Regulation of cardiac output during pregnancy. In this theoretical model, profound maternal vasodilation (decreased ventricular afterload) in the first trimester initiates a large increase in cardiac output and relative arterial underfilling, the latter activating mechanisms that lead to volume retention (increased preload), thereby abetting the increase in cardiac output. See text for details and supporting references. [Modified from Gilson GJ, Mosher MD, Conrad KP (40)].

Fig. 2.

Relaxin administration mimics the renal and systemic vasodilation of pregnancy. ?, not tested; +/−, chronic, but not acute relaxin administration increased GFR in humans. See text for details and supporting references.

Fig. 3.

Working model of relaxin sustained-vasodilatory response.
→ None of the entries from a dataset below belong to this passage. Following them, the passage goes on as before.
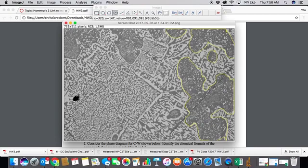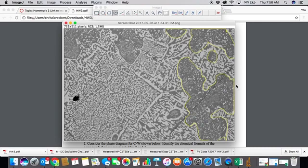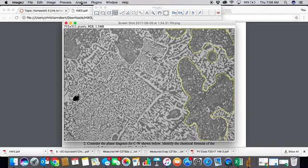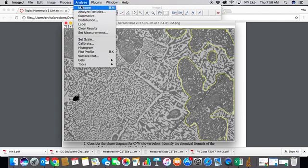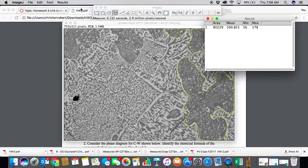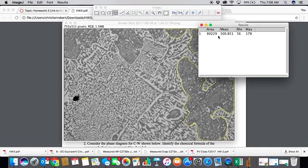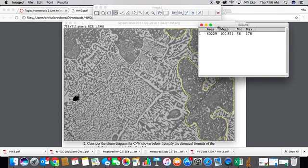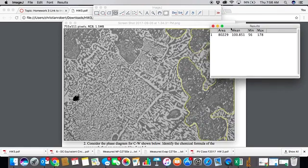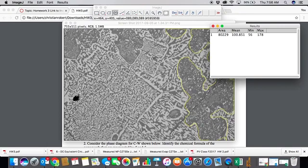And the white corresponds to bismuth. So once you have all these circled, what you can do to measure the area of these compared to the whole thing, you can go to this Analyze tool and click Measure. And what that does is it gives you this results box, and it tells you that the area of what you have selected is 80,229 pixels.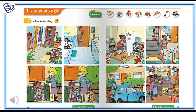Shh, shh, shh, be quiet. Hello Ruby! Hello! It's my birthday! Happy birthday Ruby, how old are you? Thank you, I'm seven. Happy birthday!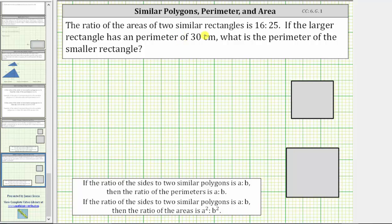The ratio of the areas of two similar rectangles is 16 to 25. If the larger rectangle has a perimeter of 30 centimeters, what is the perimeter of the smaller rectangle?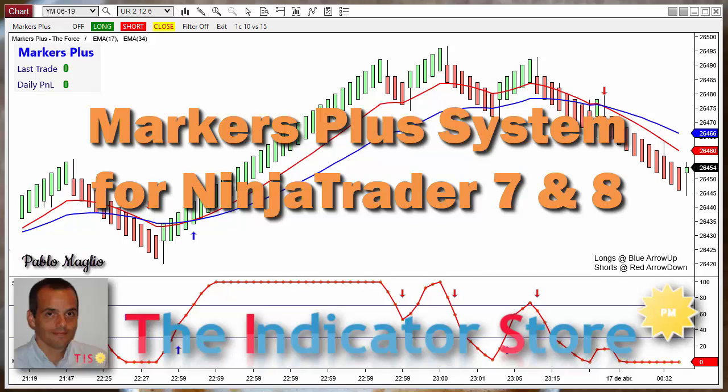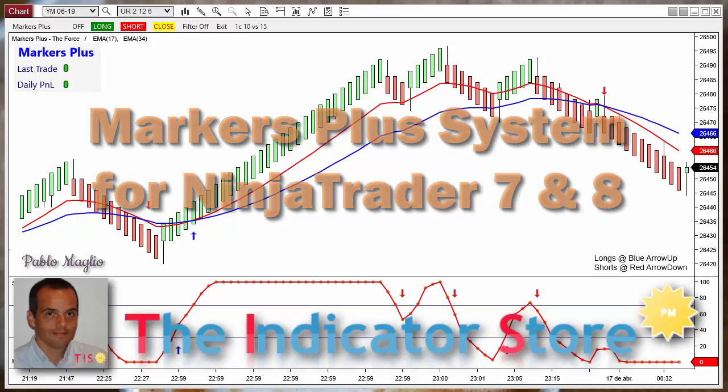Hello everyone, I am Pablo from the Indicator Store, and this is the Marker Plus system for NinjaTrader 7 and 8.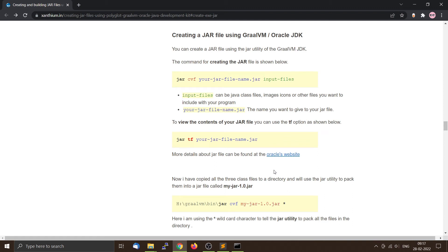Hello friends, today we are going to create a software JAR library using the Oracle JDK's jar utility. A JAR is a special type of file which is used to package compiled class files, images, audios, icons, etc. into an easy-to-handle single file format. These are mostly in the form of a ZIP file, so most JAR files can be opened using standard programs like WinZip or WinRAR.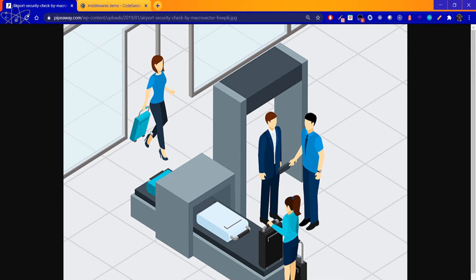Let's look at middleware with a real-time example. If you are going to a mall, you have to check the security at the entrance. Similarly, in middleware, when a request comes to the server, you can perform operations in between the request and the response. That is the concept of middleware.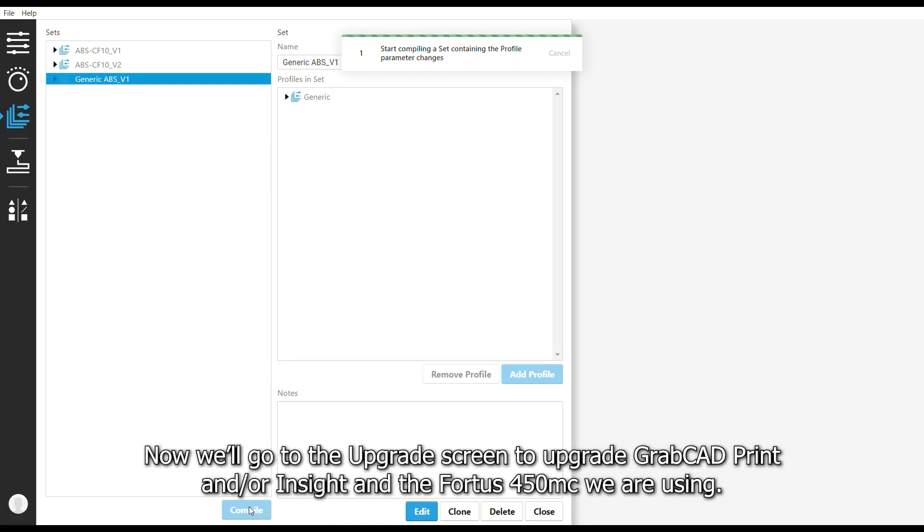Now we'll go to the Upgrade screen to upgrade GrabCAD Print and or Insight and the Fortis 450MC we are using.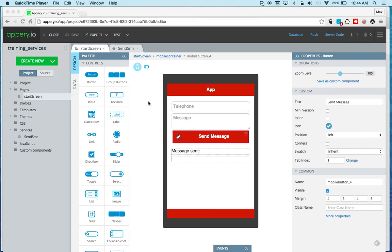Hi, this is Max Katz with Apri.io and this is another lesson in our online training course. So in a previous lesson we covered how to set up a REST service. And in this training session we're going to cover some of the more advanced features when working with REST services.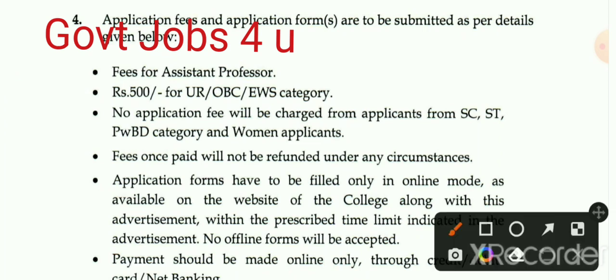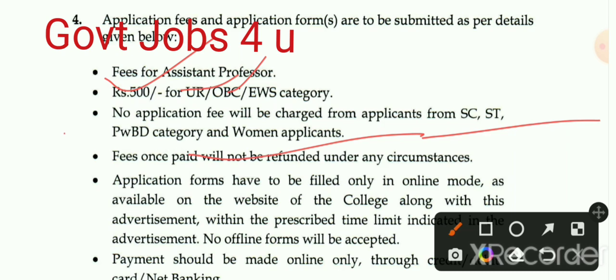Application fee की बात करें — OBC और EWS category के लिए 500 रुपए application fee है। SC, ST, PWD और Women candidates के लिए कोई application fee नहीं है।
The precise localization of VEGF and PGF in the relaxin vasodilatory pathway is currently unknown, but two possibilities are depicted (?): relaxin may increase expression of angiogenic growth factor(s) in the arterial wall and/or release them from the extracellular matrix via MMP-9 or -2. Inhibitors of pregnancy- and/or relaxin-induced vasodilation are shown in the boxes. ET, endothelin; MMP, matrix metalloproteinase; ECM, extracellular matrix; RPF, renal plasma flow; GFR, glomerular filtration rate; RXFP, relaxin/insulin-like family peptide receptors; SU5416, vascular endothelial growth factor receptor tyrosine kinase inhibitor; GM6001, a general MMP inhibitor; cyclic CTT, a specific peptide inhibitor of MMP-2, cyclic CTTHWGFTLC; TIMP-2, tissue inhibitor of metalloproteinase; RES-701–1, a specific ET_B receptor antagonist; SB209670, a mixed ET_A and ET_B receptor antagonist; l-NAME, N^G-nitro-l-arginine methyl ester; l-NMMA, l-N^G-monoethyl-arginine. Note that RXFP2 knockout (in mice), STT (control peptide for cyclic CTT), heat inactivated TIMP-2, BQ-123 (a specific ET_A receptor antagonist), phosphoramidon (an inhibitor of the classical endothelin converting enzyme), d-NAME, and isotype-matched IgGs (controls for neutralizing antibodies) did not affect the sustained vasodilatory responses to relaxin. See text for details and supporting references. [Modified from McGuane JT, Danielson LA, Debrah JE, Rubin JP, Novak J, Conrad KP (51)].

Fig. 4.

Working model of rapid stimulation of nitric oxide (NO) production by relaxin in endothelial cells. Relaxin activates RXFP1, leading to Gα_i3 activation and dissociation of the corresponding βγ-subunits (blocked by PTX), which in turn activates the class 1B phosphatidylinositol 3-kinase-γ (PI3Kγ). PI3Kγ phosphorylates phosphatidylinositol lipids in inner leaflet of the cell membrane (not shown; blocked by LY294002 and wortmannin), which ultimately promotes phosphorylation of Akt (blocked by MK-2206) and endothelia NO synthase (eNOS), leading to NO generation (blocked by l-NAME/l-NMMA). This pathway shares common downstream effector components with the VEGF pathway, which could explain the potentiation of rapid relaxin-induced vasodilation in the presence of SU5416. See text for details and supporting references. [Modified from McGuane JT, Debrah JE, Sautina L, Rubin JP, Novak J, Segal MS, Conrad KP (52).]